» **Instructions for the task**
Reproduce all of the records word for word, omitting the pictures.

» **Records for the exercise**
= Beginning of Section =

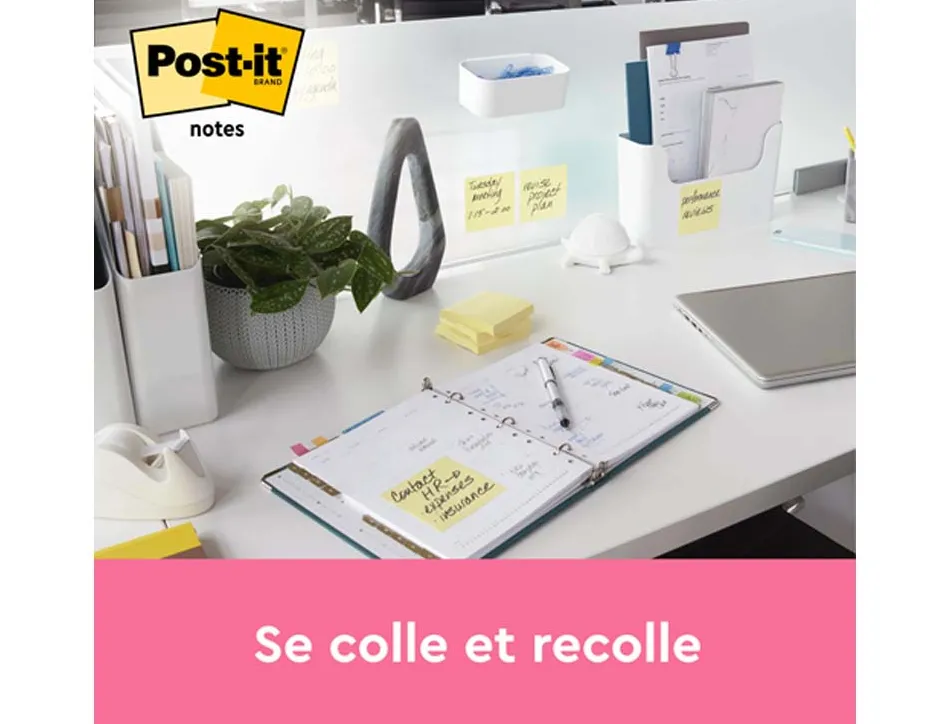 Bloc-notes post-it recharge z-notes 127x76mm 100f super z-notes repositionnables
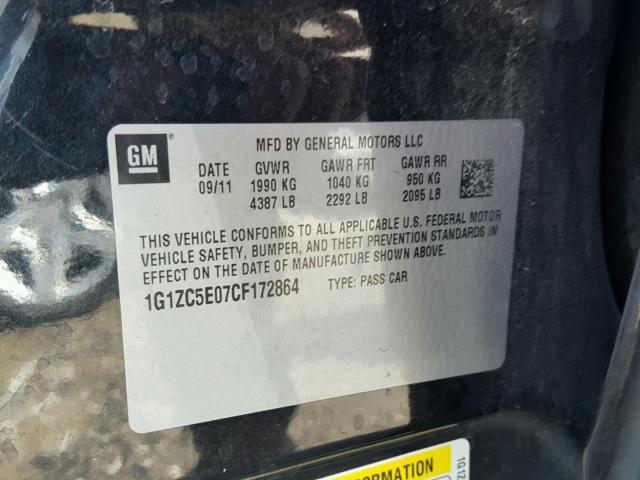 1G1ZC5E07CF172864 - 2012 CHEVROLET MALIBU 1LT 黑色 照片 10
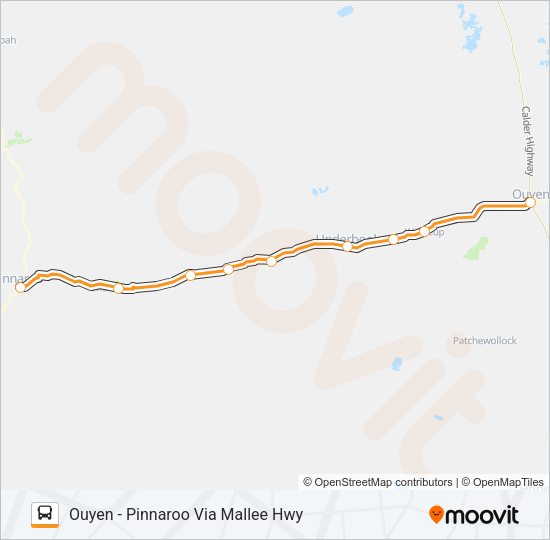 OUYEN - PINNAROO VIA MALLEE HWY Bus Line Map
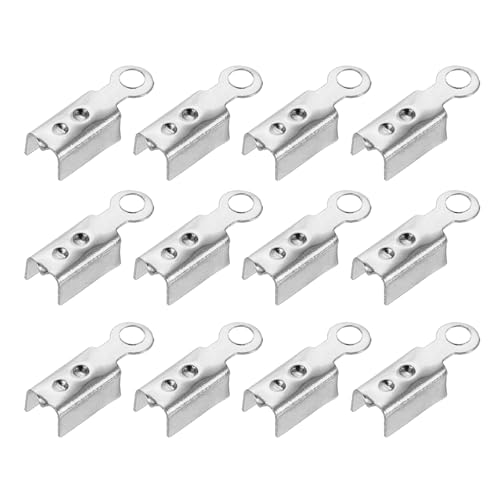 uxcell 400 Pcs Fold Over Cord Ends, 10.2x2.5mm Ribbon Crimp Ends Cap, Clasp Tips for Leather Craft Making DIY (Silver)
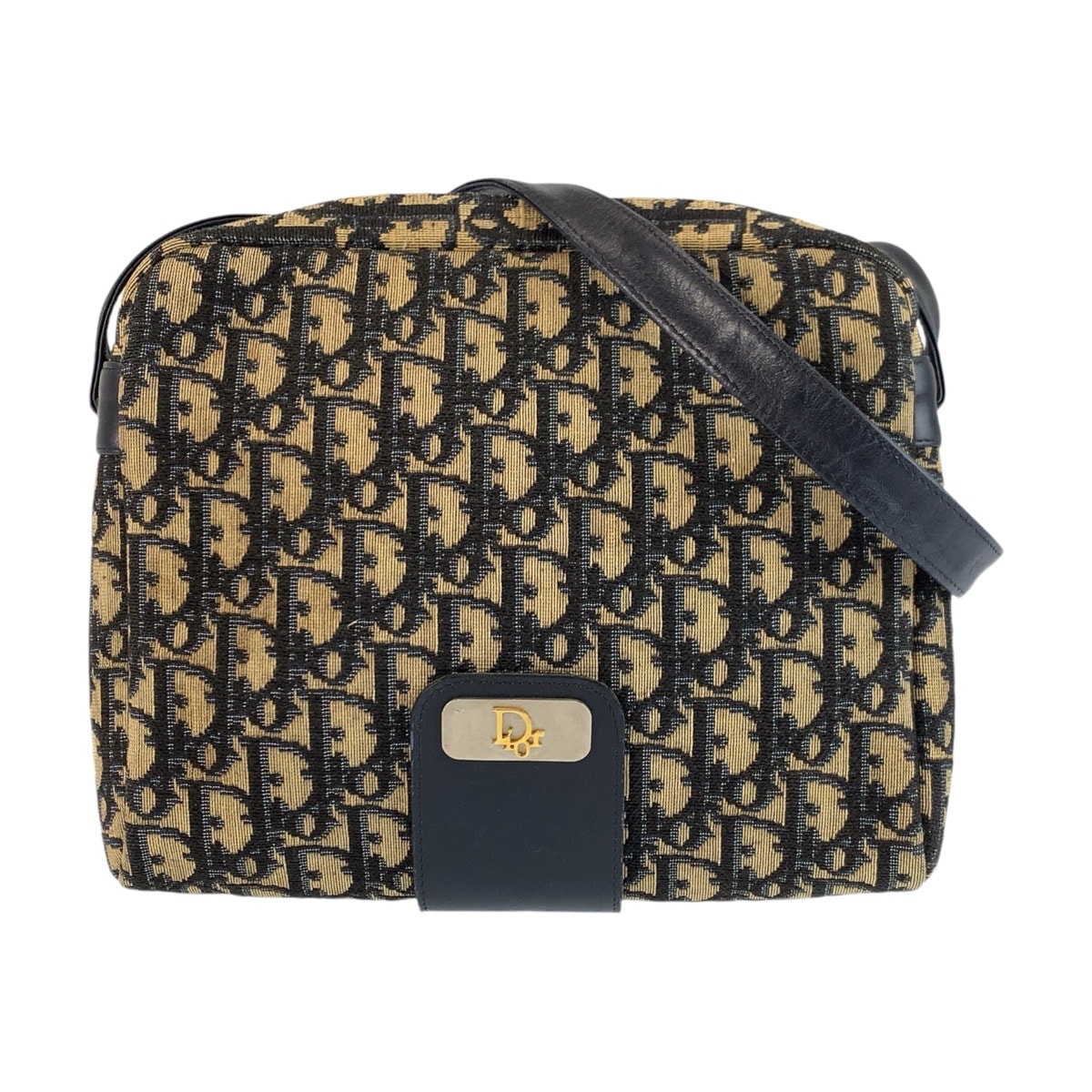 美品 Christian Dior クリスチャンディオール トロッター ネイビー ベージュ キャンバス レザー/ ショルダーバッグ 600702 【中古】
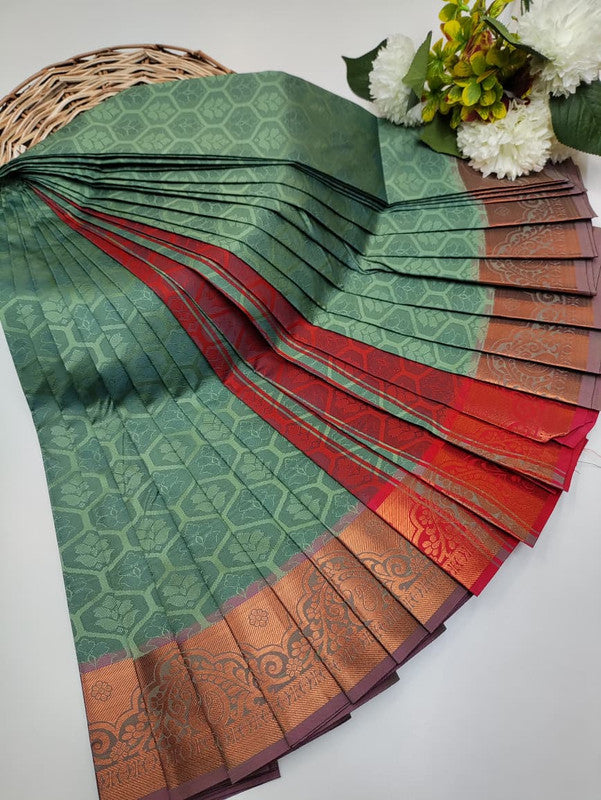 Premium Poontamil Soft Silk Saree with Jacquard Blouse for Festival Wear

= End of Section =

» **Result of this task**
 Bloc-notes post-it recharge z-notes 127x76mm 100f super z-notes repositionnables
 1G1ZC5E07CF172864 - 2012 CHEVROLET MALIBU 1LT 黑色 照片 10
 OUYEN - PINNAROO VIA MALLEE HWY Bus Line Map
 uxcell 400 Pcs Fold Over Cord Ends, 10.2x2.5mm Ribbon Crimp Ends Cap, Clasp Tips for Leather Craft Making DIY (Silver)
 美品 Christian Dior クリスチャンディオール トロッター ネイビー ベージュ キャンバス レザー/ ショルダーバッグ 600702 【中古】
 Premium Poontamil Soft Silk Saree with Jacquard Blouse for Festival Wear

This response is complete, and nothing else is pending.